Jérémie (Pio Marmaï que l’on a suivi l’année dernière dans La ritournelle et Dans la cour) va bientôt se marier avec Antoine (Lannick Gautry, bien meilleur que dans Les Francis). Mais voilà, ce matin, il s’est réveillé dans les bras d’Adna (Adrianna Gradziel), une grande suédoise. Jérémie n’a jamais aimé une fille auparavant.
C’est avec le terme impropre de « coming-in » que le film était présenté au cinéma. Un terme dérangeant parce qu’il supposerait que l’on revienne dans le droit chemin. Heureusement, Toute première fois n’est pas du tout sur ce registre. Au contraire, il ne fait aucune distinction entre amour hétérosexuel et amour homosexuel. Il fait de l’Amour, cet objet universel et prépondérant de la psyché humaine qui peut surgir à tous moments dans nos vies et se soucie peu des apparences. Film romantique, la première qualité de Toute première fois est de ne pas se calquer sur la sempiternelle trinité : rencontre, rupture, réconciliation. Sa seconde qualité intrinsèque, c’est de ne pas laisser celui qui se fait larguer sur le bord de la route. Bien souvent, on éprouve un certain malaise, devant des tas de films romantiques, à se rendre compte de la facilité avec laquelle celui-ci est rayé de l’équation. Trouvant un nouveau départ, le personnage que l’on suit sans va comme ça, comme si de rien n’était. Ici, dans Toute première fois, Jérémie est longtemps en proie au doute, ne veux pas blesser Antoine, tente d’arranger les choses, bref, il est plus proche de notre réalité que ne le sont les standards hollywoodiens. Parce que quand même, on ne plaque pas dix ans de vies communes comme ça, sans un minimum de ressentis. Du coup, même s’il fait souffrir Antoine, on l’aime bien ce Jérémie. Tout simplement parce qu’il est humain.
Et puis, surtout, autant Toute première fois est assez sérieux en ce qui concerne les sentiments amoureux, autant il est très drôle. Charles (Franck Gastambide), l’associé de Jérémie est tout délicieusement à côté de ses pompes, à la fois séducteur et terriblement maladroit avec les femmes. Clémence (Camille Cottin) en comptable frustrée ne sachant pas dévoiler ces sentiments est irrésistible. Alors que Charles n’y comprend rien, celle-ci devient exécrable, rappelant son rôle dans la série Connasse. Le meilleur ami d’Antoine et Jérémie, Nounours (Sébastien Castro), peintre de son état, homosexuel également, entretient une passion pour les vagins qu’il peint sous toutes les formes. Génial en tant qu’artiste sensible, voire trop sensible, le regard des autres personnages sur son travail donne des situations bien cocasse. La palme du second degré est décerné à Frédéric Pierrot et Isabelle Candelier (vu dans Bon rétablissement !) qui interprète les parents de Jérémie. Une scène à table, où il avoue avoir trompé Antoine avec une femme, vire au grand n’importe quoi et fait tomber les masques, quoique les révélations de ses parents mais également de sa sœur Sarah (Nicole Ferroni qui anime de très bonne chronique sur France Inter) ont de quoi surprendre, entretenant le côté décalé du film. N’oublions pas l’excellente scène de sérénade sur J’ai encore rêvé d’elle de Il était une fois dont je ris encore à l’écriture de ces lignes.
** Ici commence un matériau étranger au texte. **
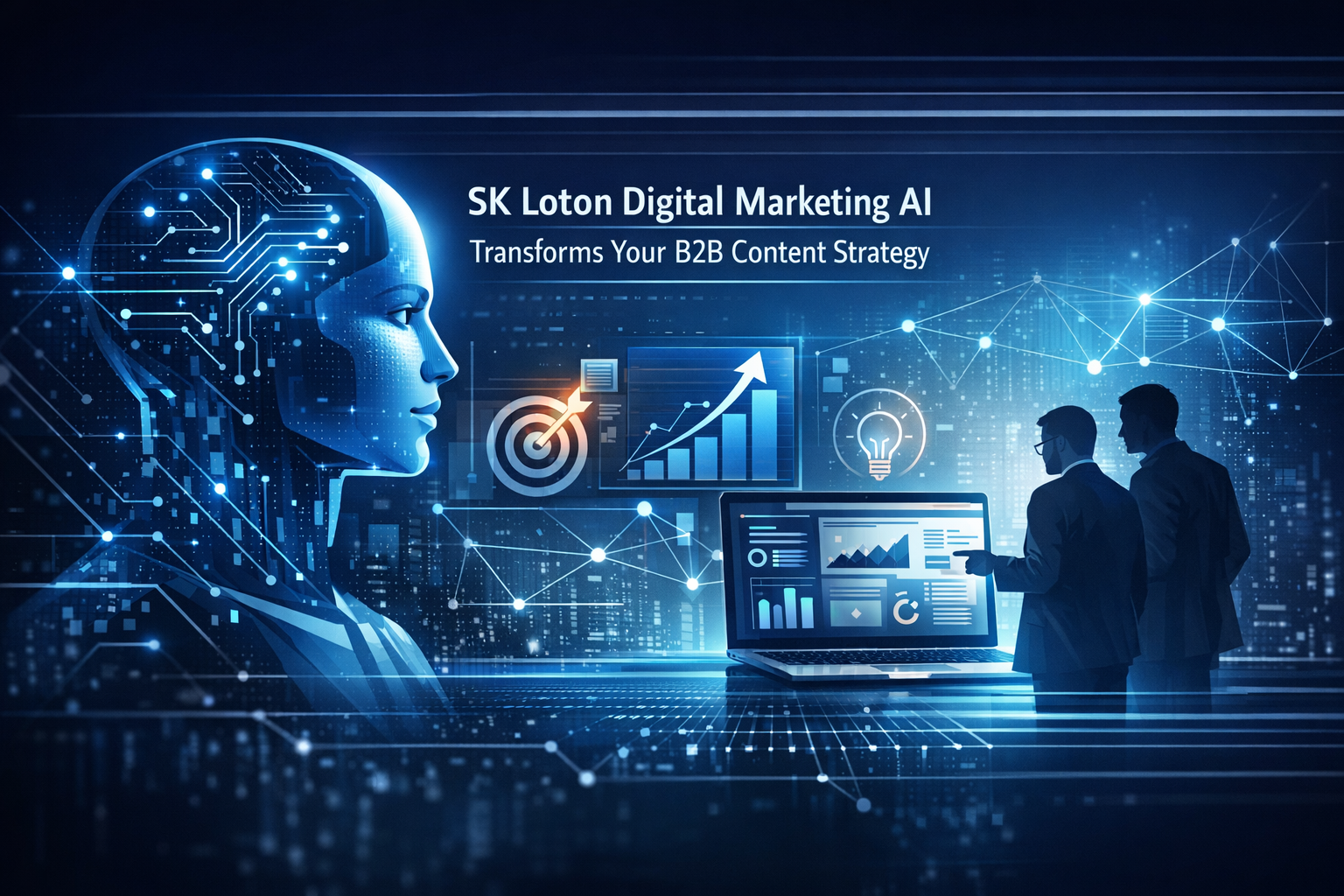 "How SK Loton Digital Marketing AI Transforms Your B2B Content Strategy for Maximum Engagement"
Courez-voir Toute première fois sur grand écran avant qu’il ne soit trop tard. Le film est un pied de nez réjouissant à la manif pour tous, prenant un train d’avance et la ringardisant encore un peu plus. À l’instar de La vie d’Adèle, Toute première fois prouve que l’on peut parler d’Amour et faire de très beaux, voir de très amusants films, peut importe la composition du couple à l’écran. L’Amour n’a pas de genre.